Chris Cillizza reports:
Indiana Rep. Brad Ellsworth has decided to seek the seat being vacated by Sen. Evan Bayh and will announce his intentions in a statement to be released shortly, according to a source briefed on the matter.
Ellsworth emerged as the favored candidate of the Democratic Senatorial Campaign Committee and the White House in the immediate aftermath of Bayh's stunning decision that he would not seek a third term.
Handsome, telegenic and with the sort of voting record during his two terms in the House that makes him a viable statewide candidate in conservative-minded Indiana, Ellsworth is rightly seen as a recruiting coup for a DSCC that was caught off guard by Bayh's decision (as was the rest of the Democratic political world) and had been badly bruised and battered by retirements and the special election victory of Sen. Scott Brown (R-Mass.) in recent weeks.

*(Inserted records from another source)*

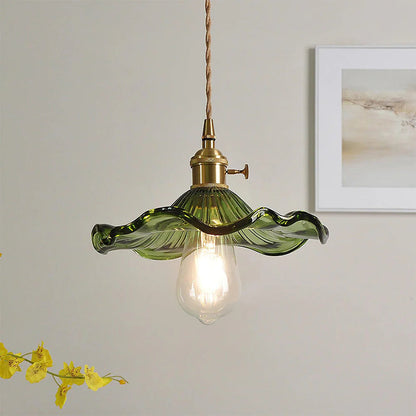 Hanglamp Vintage met Golvende Glazen Kap en Messing Fitting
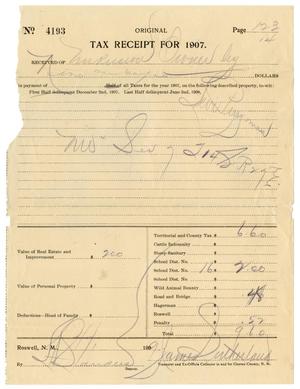 Primary view of object titled '[Receipt for 1907 taxes, 1909]'.
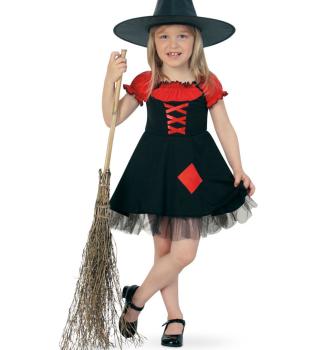 Hexen Kleid Gr. 104  schw.-rot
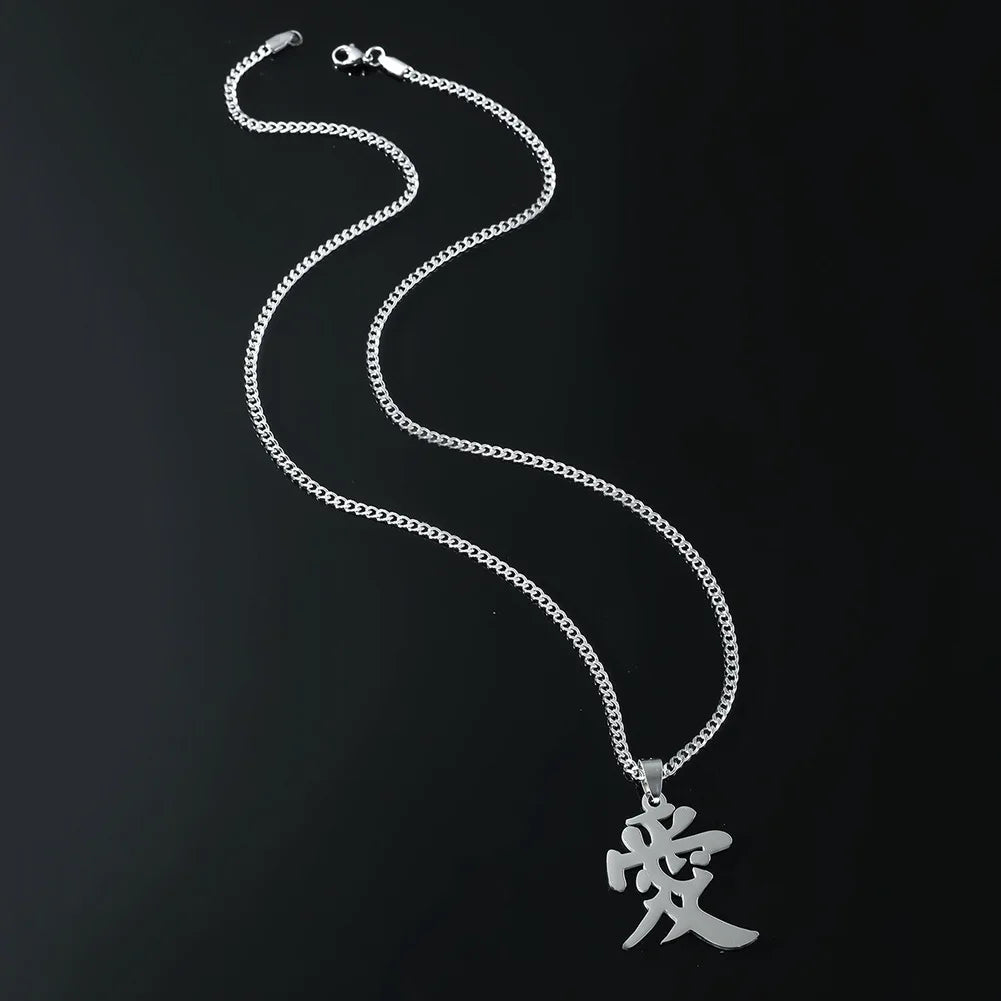 Stainless Steel Chinese Character Pendant Necklace for Women Men Punk Hip-hop Style Party Jewelry Gifts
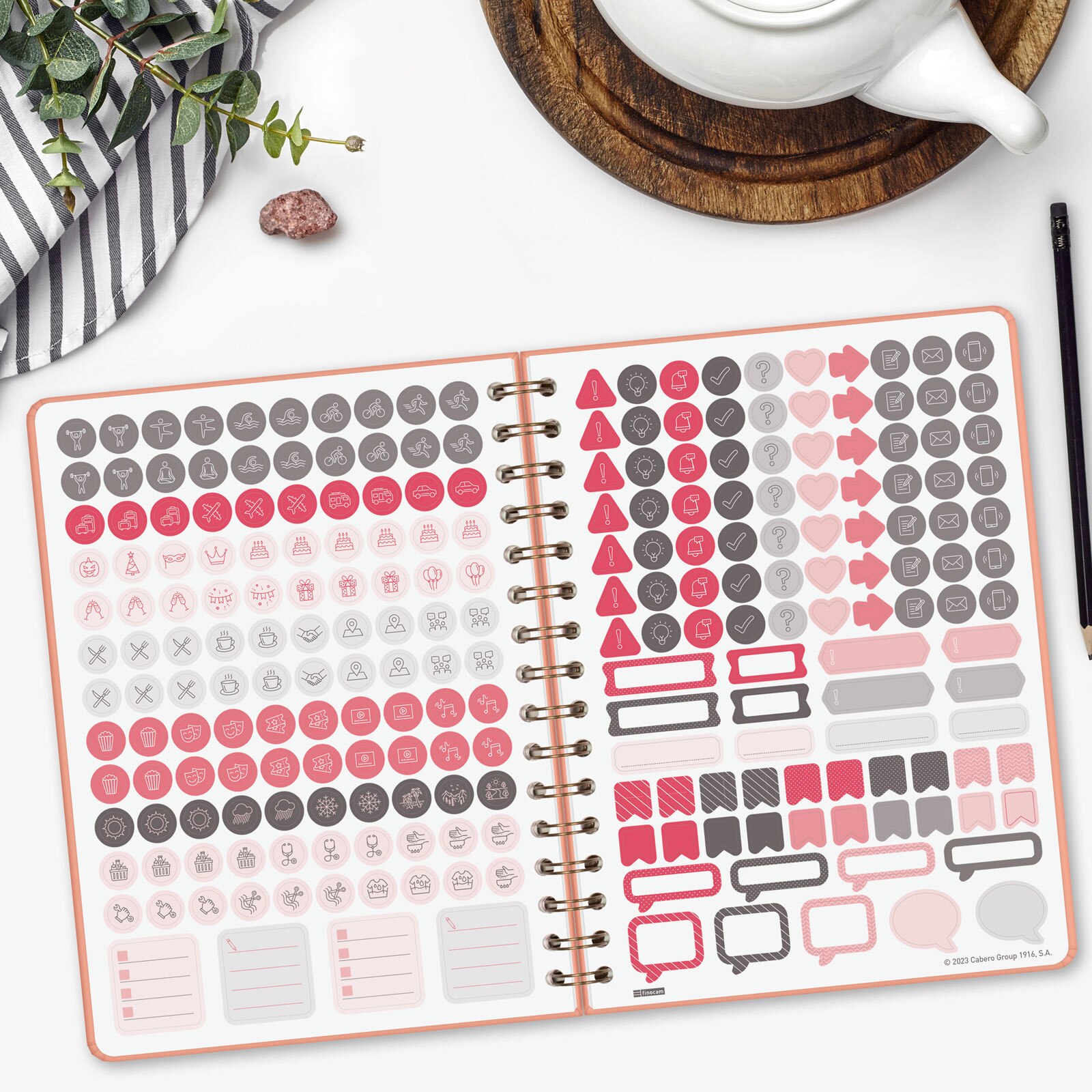 Agenda espiral doble año 2026 Trendy Alma E10-155x212 mm Semana Vista Horizontal Finocam coral catalán multilingüe Coral-4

That said, Ellsworth is not Bayh and starts out at a significant name identification disadvantage against former Sen. Dan Coats, the likely Republican nominee. Republican strategists also note that Ellsworth supported President Obama's health care bill last year, a vote they plan to use against him this fall.
This seems like a smart move for Ellsworth. Since there was a very good chance he was going to lose his House seat anyway, he might as well make a statewide run in a tough environment. Ellsworth distinguishes himself from Bayh by casting himself as a fully pro-life Democrat. But during the health care debate, Ellsworth sponsored an alternative amendment to Bart Stupak's. It was opposed by Stupak, and the National Right to Life Commitee called it a "money-laundering" scheme to fund abortions. Ellsworth's amendment reportedly sparked a "furious backlash" back in Indiana, and Ellsworth has since aligned himself with Stupak.
Cillizza reports that "32-member Democratic state central committee will select the party's candidate" sometime after May 4.